§ **Assignment**
Look through the entries below. Say how many lines include "aprender", with nothing added.
*** Opening of Stored data ***
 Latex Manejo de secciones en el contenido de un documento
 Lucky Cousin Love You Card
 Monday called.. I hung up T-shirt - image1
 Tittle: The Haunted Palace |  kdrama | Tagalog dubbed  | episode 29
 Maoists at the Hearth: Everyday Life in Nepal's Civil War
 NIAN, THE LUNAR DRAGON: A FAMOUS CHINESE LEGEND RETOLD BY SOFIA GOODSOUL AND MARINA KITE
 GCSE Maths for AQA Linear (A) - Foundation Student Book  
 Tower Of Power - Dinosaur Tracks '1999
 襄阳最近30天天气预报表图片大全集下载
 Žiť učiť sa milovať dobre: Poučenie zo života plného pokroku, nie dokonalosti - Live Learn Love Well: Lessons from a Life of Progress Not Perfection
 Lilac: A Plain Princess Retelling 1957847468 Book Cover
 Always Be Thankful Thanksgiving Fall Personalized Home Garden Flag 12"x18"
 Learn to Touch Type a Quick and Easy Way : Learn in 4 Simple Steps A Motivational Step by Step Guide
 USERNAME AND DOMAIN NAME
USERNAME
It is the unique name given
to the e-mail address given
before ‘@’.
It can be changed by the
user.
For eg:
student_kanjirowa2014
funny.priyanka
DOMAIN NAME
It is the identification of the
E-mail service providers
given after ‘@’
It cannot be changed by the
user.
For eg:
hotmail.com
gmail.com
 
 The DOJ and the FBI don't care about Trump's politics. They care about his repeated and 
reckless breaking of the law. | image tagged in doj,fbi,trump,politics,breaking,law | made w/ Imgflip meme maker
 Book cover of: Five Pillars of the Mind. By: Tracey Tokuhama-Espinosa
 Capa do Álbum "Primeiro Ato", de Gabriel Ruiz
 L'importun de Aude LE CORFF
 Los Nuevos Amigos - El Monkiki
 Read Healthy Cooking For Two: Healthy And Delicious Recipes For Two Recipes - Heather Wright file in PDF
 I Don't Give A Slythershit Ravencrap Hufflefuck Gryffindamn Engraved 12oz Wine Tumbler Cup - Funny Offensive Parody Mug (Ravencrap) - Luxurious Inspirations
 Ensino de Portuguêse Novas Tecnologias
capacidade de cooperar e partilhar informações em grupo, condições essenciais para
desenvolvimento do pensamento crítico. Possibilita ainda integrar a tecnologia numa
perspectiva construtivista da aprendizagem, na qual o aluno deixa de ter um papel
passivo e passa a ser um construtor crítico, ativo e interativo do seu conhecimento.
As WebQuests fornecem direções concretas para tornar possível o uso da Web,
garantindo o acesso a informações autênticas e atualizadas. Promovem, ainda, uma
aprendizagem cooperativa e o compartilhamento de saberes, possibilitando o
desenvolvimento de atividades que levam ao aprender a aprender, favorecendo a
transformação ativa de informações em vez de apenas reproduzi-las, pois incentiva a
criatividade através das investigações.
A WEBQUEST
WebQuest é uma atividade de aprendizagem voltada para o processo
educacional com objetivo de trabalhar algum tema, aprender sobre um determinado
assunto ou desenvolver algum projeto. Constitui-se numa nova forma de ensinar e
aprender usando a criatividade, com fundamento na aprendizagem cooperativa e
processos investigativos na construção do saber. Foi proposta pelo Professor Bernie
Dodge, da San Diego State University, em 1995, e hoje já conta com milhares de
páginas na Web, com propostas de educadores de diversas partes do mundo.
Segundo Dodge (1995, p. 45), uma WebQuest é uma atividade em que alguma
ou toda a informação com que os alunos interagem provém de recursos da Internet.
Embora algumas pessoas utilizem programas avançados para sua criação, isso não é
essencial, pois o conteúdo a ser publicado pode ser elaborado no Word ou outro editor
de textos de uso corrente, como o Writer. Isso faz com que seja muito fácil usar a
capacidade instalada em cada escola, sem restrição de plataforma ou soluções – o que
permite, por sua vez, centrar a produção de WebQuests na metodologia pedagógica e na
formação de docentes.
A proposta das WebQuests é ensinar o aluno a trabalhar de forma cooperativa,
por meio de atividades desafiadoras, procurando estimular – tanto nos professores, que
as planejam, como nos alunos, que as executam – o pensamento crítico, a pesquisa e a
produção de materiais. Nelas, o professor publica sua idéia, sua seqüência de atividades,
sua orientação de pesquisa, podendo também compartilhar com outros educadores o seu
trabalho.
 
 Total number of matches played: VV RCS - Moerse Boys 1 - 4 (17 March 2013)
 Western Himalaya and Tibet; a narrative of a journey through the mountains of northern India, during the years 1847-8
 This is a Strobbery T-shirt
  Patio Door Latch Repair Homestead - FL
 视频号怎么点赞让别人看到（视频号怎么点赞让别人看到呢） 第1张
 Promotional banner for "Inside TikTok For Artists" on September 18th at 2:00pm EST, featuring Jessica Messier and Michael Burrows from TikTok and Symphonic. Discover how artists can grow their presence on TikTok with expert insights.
*** Close of Stored data ***
§ **Result of the exercise**
3